*** SUPPLIED MATERIAL ***

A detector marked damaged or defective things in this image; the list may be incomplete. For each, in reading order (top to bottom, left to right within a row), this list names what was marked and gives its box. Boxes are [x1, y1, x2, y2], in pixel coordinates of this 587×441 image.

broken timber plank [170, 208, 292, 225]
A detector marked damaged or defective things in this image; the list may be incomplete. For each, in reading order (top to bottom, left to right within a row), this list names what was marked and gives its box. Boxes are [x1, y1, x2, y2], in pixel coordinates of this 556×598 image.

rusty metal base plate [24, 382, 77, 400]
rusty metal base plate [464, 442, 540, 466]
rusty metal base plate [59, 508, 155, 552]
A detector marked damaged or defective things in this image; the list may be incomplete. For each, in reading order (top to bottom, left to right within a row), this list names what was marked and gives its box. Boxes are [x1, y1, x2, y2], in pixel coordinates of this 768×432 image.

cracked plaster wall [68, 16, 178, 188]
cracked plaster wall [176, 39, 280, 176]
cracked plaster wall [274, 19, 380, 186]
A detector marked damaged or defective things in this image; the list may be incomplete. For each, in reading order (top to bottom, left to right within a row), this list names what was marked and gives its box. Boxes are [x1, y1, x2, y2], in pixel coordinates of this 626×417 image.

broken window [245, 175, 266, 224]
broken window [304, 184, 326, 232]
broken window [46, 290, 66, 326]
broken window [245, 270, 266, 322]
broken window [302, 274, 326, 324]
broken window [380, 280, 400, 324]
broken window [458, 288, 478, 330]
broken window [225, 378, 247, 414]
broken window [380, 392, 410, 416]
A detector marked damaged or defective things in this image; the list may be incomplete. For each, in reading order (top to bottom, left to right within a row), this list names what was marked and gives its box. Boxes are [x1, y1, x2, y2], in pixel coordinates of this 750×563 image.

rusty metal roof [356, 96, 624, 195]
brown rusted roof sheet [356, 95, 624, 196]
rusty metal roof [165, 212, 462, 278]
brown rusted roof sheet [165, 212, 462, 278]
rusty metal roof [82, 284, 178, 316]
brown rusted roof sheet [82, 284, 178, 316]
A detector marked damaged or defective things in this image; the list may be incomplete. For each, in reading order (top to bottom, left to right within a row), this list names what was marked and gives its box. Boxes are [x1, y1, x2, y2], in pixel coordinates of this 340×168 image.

***

◆ EXERCISE REQUIREMENTS:
Once the line with "this 626×417 image." is located in the data above, repeat it and every later line through the end, exactly.

◆ EXPECTED OUTPUT:
A detector marked damaged or defective things in this image; the list may be incomplete. For each, in reading order (top to bottom, left to right within a row), this list names what was marked and gives its box. Boxes are [x1, y1, x2, y2], in pixel coordinates of this 626×417 image.

broken window [245, 175, 266, 224]
broken window [304, 184, 326, 232]
broken window [46, 290, 66, 326]
broken window [245, 270, 266, 322]
broken window [302, 274, 326, 324]
broken window [380, 280, 400, 324]
broken window [458, 288, 478, 330]
broken window [225, 378, 247, 414]
broken window [380, 392, 410, 416]
A detector marked damaged or defective things in this image; the list may be incomplete. For each, in reading order (top to bottom, left to right within a row), this list names what was marked and gives its box. Boxes are [x1, y1, x2, y2], in pixel coordinates of this 750×563 image.

rusty metal roof [356, 96, 624, 195]
brown rusted roof sheet [356, 95, 624, 196]
rusty metal roof [165, 212, 462, 278]
brown rusted roof sheet [165, 212, 462, 278]
rusty metal roof [82, 284, 178, 316]
brown rusted roof sheet [82, 284, 178, 316]
A detector marked damaged or defective things in this image; the list may be incomplete. For each, in reading order (top to bottom, left to right within a row), this list names what was marked and gives its box. Boxes are [x1, y1, x2, y2], in pixel coordinates of this 340×168 image.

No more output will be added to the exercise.